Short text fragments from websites
*** Block opens ***

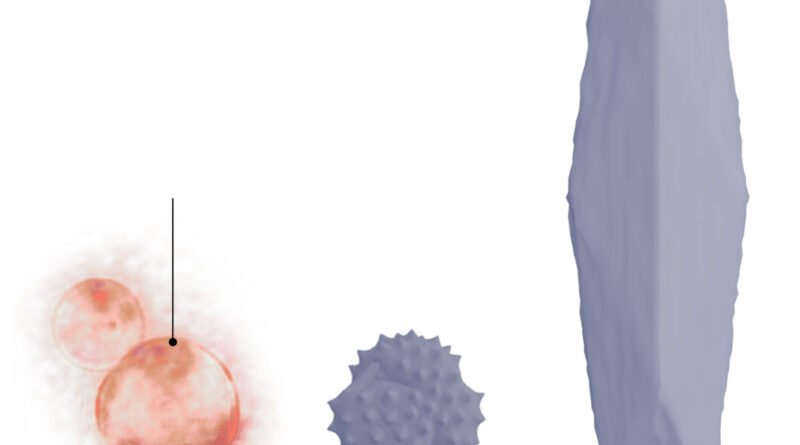 This Cell Feeds, Grows and Reproduces. And It’s Manmade.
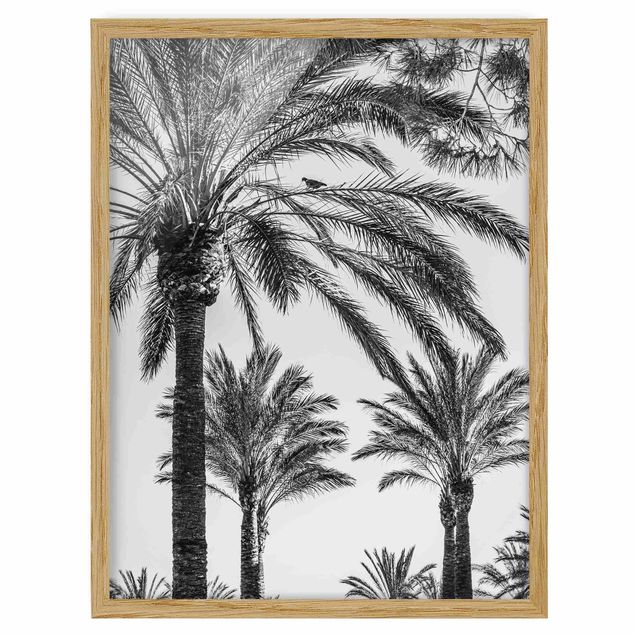 Wanddeko Esszimmer Palmen im Sonnenuntergang Schwarz-Weiß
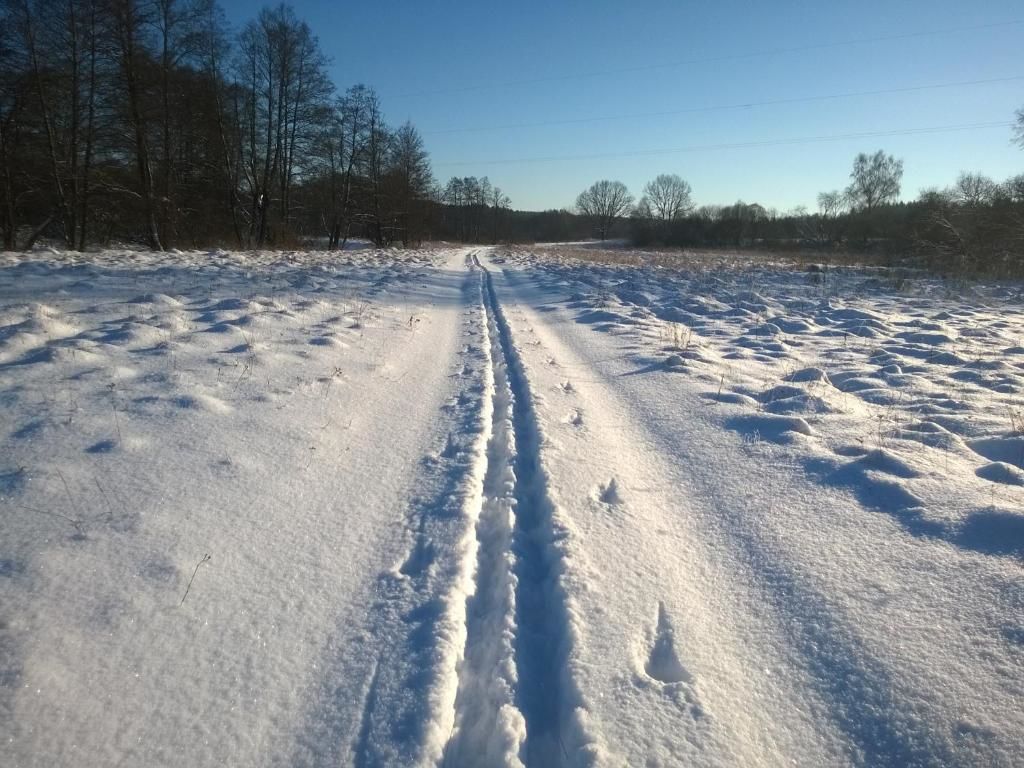 Гостевой дом Агроусадьба Хутор Комаришки Velikaya Stracha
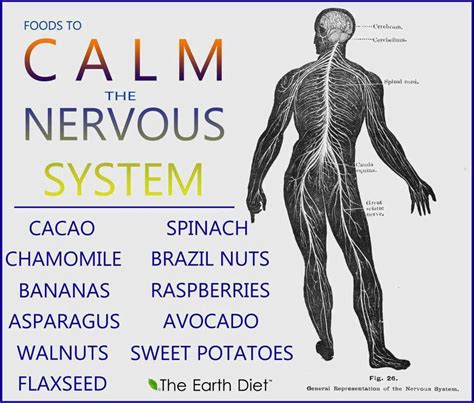 Does salt calm nerves?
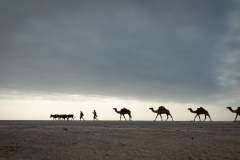 Salz-Karavane in der Danakil-Wüste (Foto: Peter Schreyer)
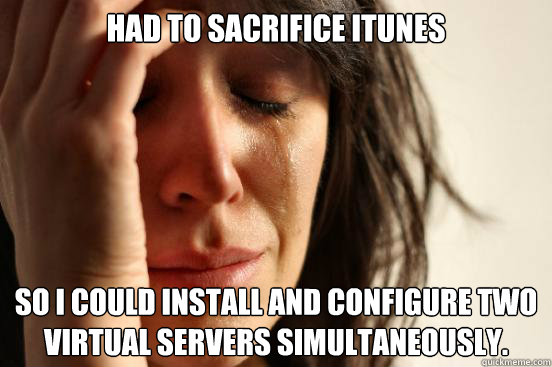 had to sacrifice itunes so i could install and configure two - First World Problems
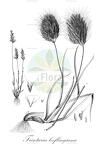 Trisetaria loeflingiana
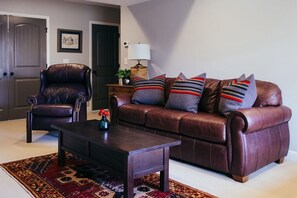 Smart TV, chimenea, reproductor de DVD, libros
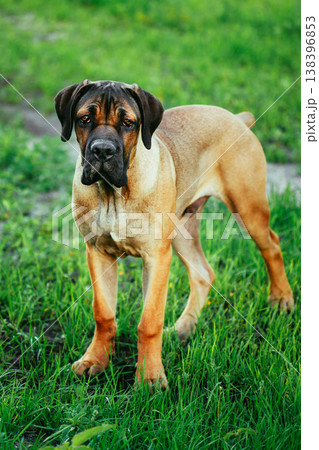 Cane Corso Whelp Puppy Standing On Green Grass Cane Corso Whelp Puppy Standing On Green Grass 138396853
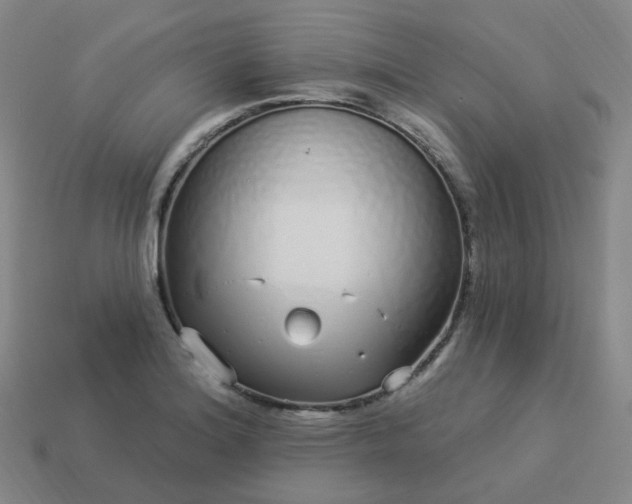 X0000114071180200910191515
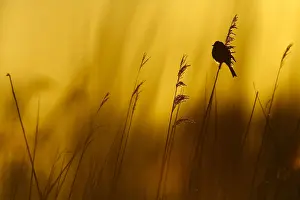 Images Dated 31st March 2020: Rietgors; common reed bunting;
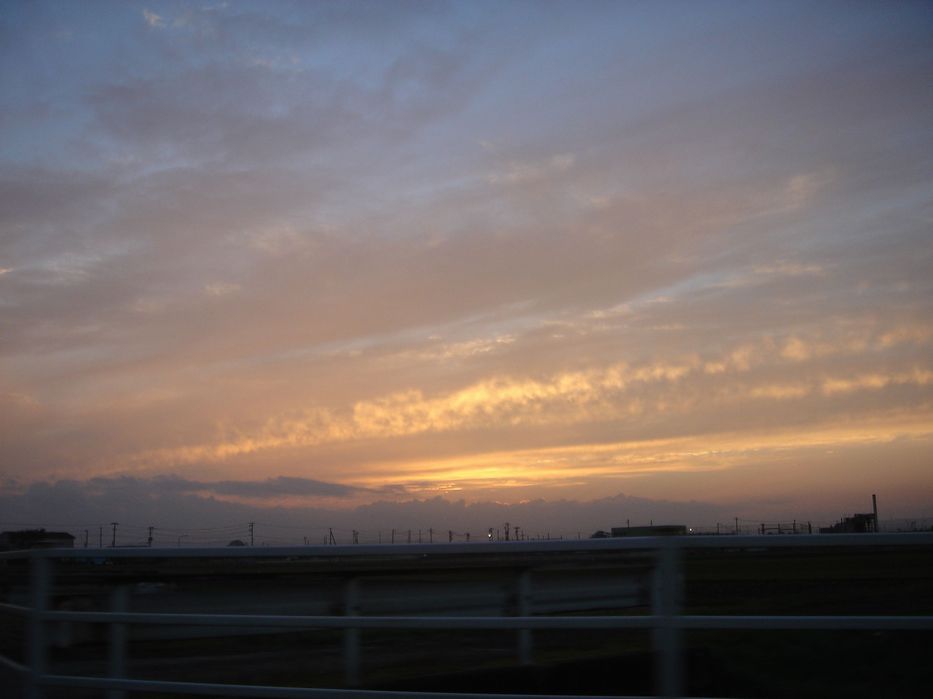 f0001099_954530.jpg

*** Block closes ***

PROBLEM DESCRIPTION:
All of the entries, apart from the pictures, must be returned exactly.

EXERCISE SOLUTION:
 This Cell Feeds, Grows and Reproduces. And It’s Manmade.
 Wanddeko Esszimmer Palmen im Sonnenuntergang Schwarz-Weiß
 Гостевой дом Агроусадьба Хутор Комаришки Velikaya Stracha
 Does salt calm nerves?
 Salz-Karavane in der Danakil-Wüste (Foto: Peter Schreyer)
 had to sacrifice itunes so i could install and configure two - First World Problems
 Trisetaria loeflingiana
 Smart TV, chimenea, reproductor de DVD, libros
 Cane Corso Whelp Puppy Standing On Green Grass Cane Corso Whelp Puppy Standing On Green Grass 138396853
 X0000114071180200910191515
 Images Dated 31st March 2020: Rietgors; common reed bunting;
 f0001099_954530.jpg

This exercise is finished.